We know all this because the twenty-first-century whalers found the nineteenth-century harpoonists missile still embedded in the whale, in a bone between neck and shoulder. It had lodged in what they called a non-lethal place, and there it remained, and over the decades the initial pain might have dulled to a vague ache or an itch the whale couldnt scratch. Perhaps it swam a million miles with that itch.

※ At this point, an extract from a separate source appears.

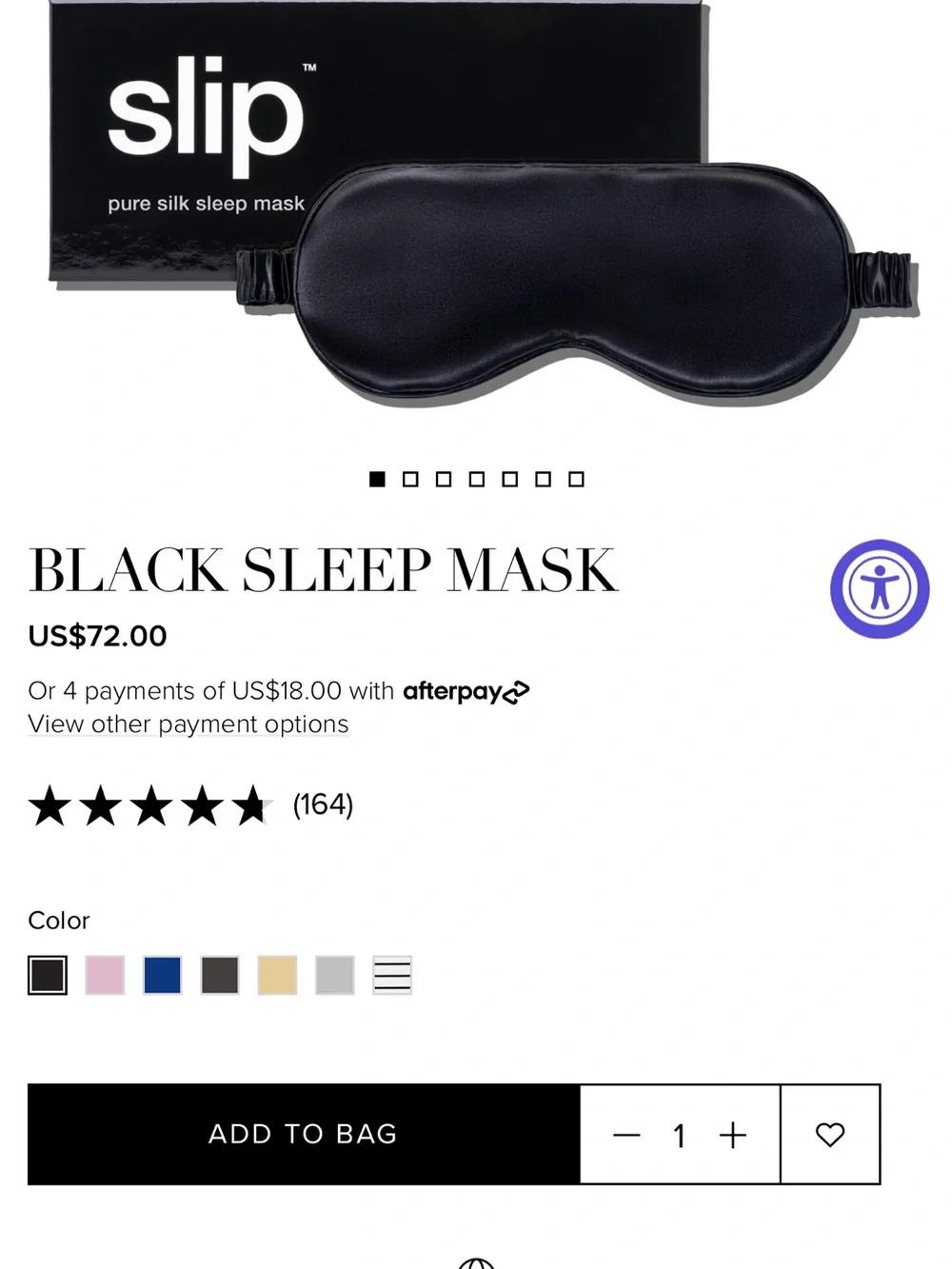 slip Black Pure Silk Sleep Mask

The discovery was both fascinating and troubling. The fascination is that the age of whales suddenly catapulted from scientific guesswork to public knowledge, and as is so often the case when whales command our attention our response has been to gasp in a kind of primitive wonder. The troubled nature of the fascination is that we have only acquired the new knowledge because our fingerprints were on the whale, or rather in it, lodged in a non-lethal place between neck and shoulder. All science could date with any accuracy was the missile itself, the head of the bomb lance. Staff at an American whaling museum pinned down its manufacture to New Bedford, Massachusetts. They also know it had been in the hands of an Alaskan, because of the nature of the notches carved into the head, a system by which Alaskan whalers of the time pronounced ownership of the whale.

Science got excited, because, as the man from the whaling museum in New Bedford put it, no other finding has been this precise. I suppose precision is relative when you are dealing with things that live so much longer than we do. Yet evidence this precise has been around for centuries, and ignored by science because it distrusts the source.